* _DATA FOR THIS TASK_:
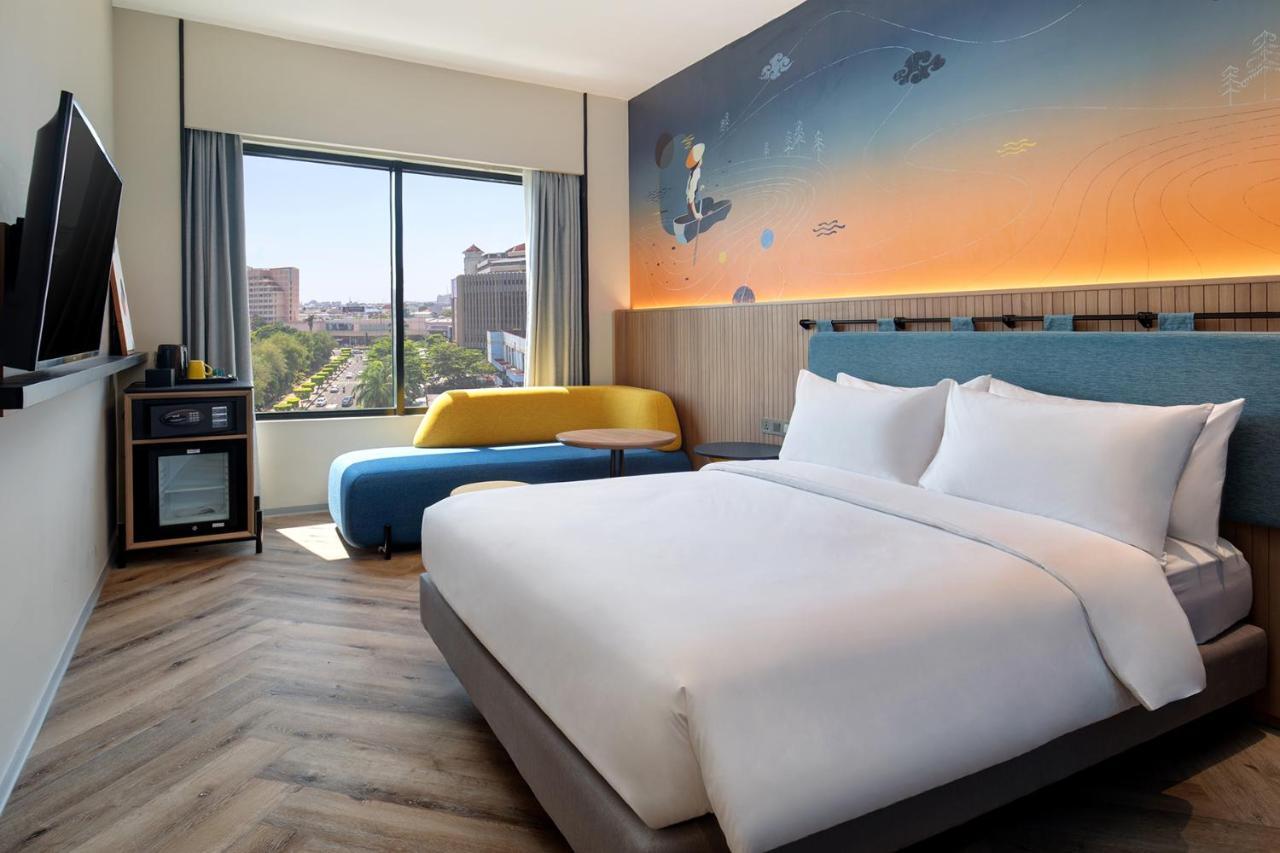 Готель Ibis Styles Semarang Simpang Lima Екстер'єр фото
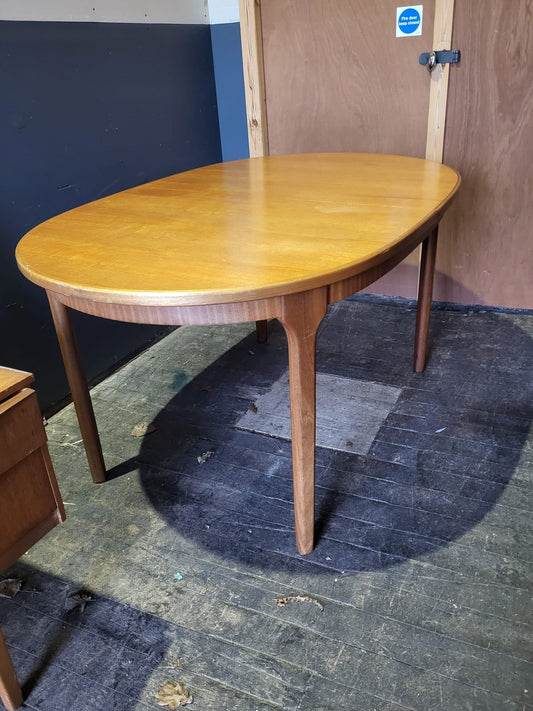 ＜入荷前先行予約＞ ダイニングテーブル マッキントッシュ Mcintosh 伸長式 ミッドセンチュリー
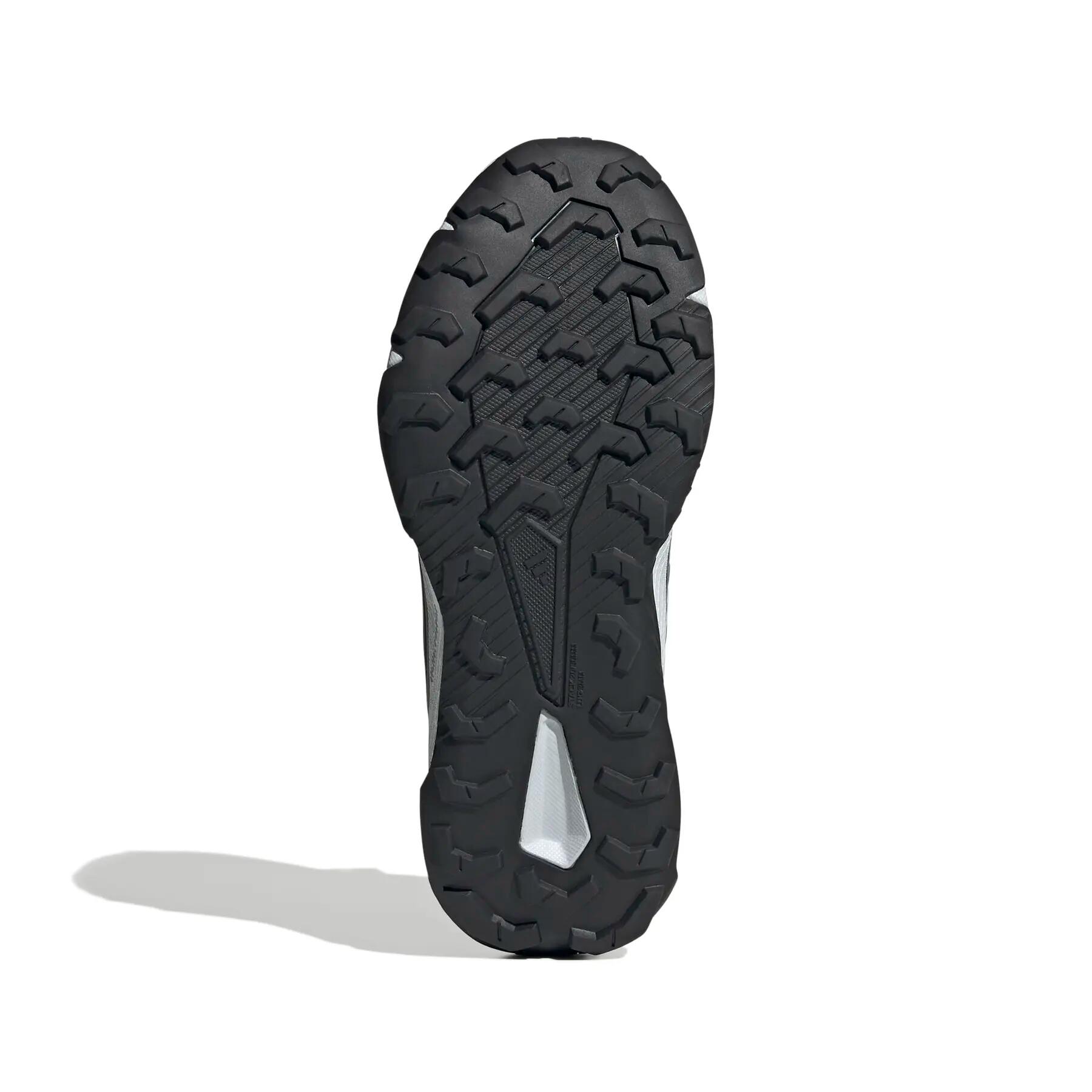 Chaussures de trail femme adidas Terrex Tracefinder 2 5/7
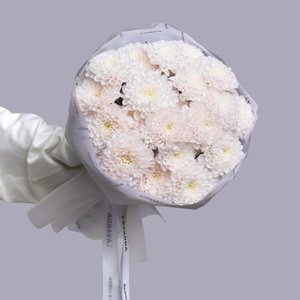 Розовые хризантемы в белом оформлении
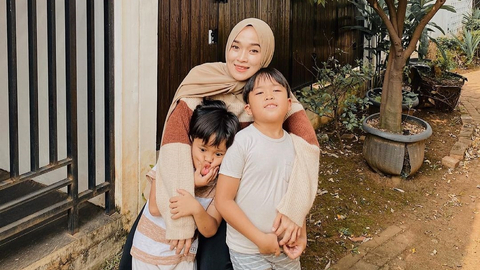 5 Berita Populer: Deddy Corbuzier soal Aldi Taher; Anak Rita Sugiarto Ditangkap (4)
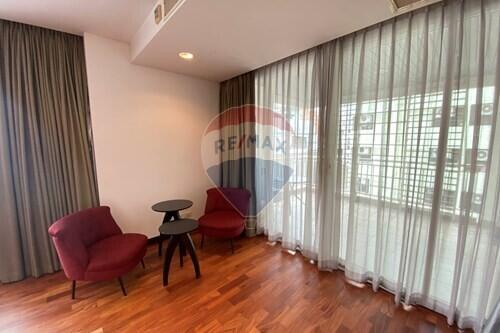 "Spacious Condo in Bangkok with Full Amenities"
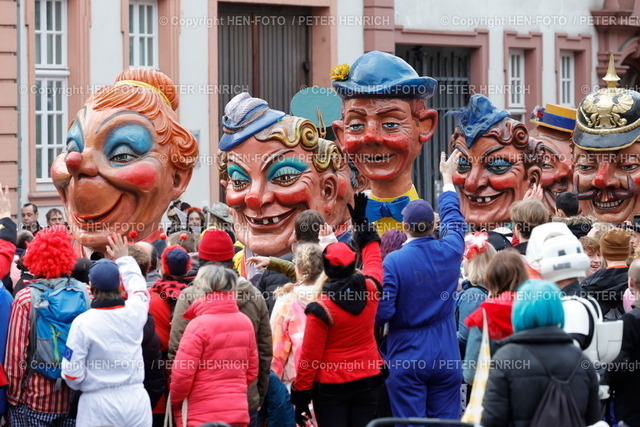 Rosenmontagsumzug | 12.02.2024 Höhepunkt für über 300.000 Besucher der Mainzer Fastnacht ist der närrische Fastnachtsumzug am Rosenmontag ab 11:11 Uhr mit Motto "Zur Fassenacht lädt Mainz am Rhein die ganze Welt zum Schoppe ein" mit über 100 Zugnummern und einer Zuglänge von ca 7,2 km von Neustadt in die Altstadt (Foto: Peter Henrich) - Realisiert mit Pictrs.com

* _PROBLEM DESCRIPTION_:
Exactly reproduce the lines that run from the first line of the listing above to the line containing "Condo in Bangkok", including both; omit the pictures.

* _RESPONSE TO THE EXERCISE_:
 Готель Ibis Styles Semarang Simpang Lima Екстер'єр фото
 ＜入荷前先行予約＞ ダイニングテーブル マッキントッシュ Mcintosh 伸長式 ミッドセンチュリー
 Chaussures de trail femme adidas Terrex Tracefinder 2 5/7
 Розовые хризантемы в белом оформлении
 5 Berita Populer: Deddy Corbuzier soal Aldi Taher; Anak Rita Sugiarto Ditangkap (4)
 "Spacious Condo in Bangkok with Full Amenities"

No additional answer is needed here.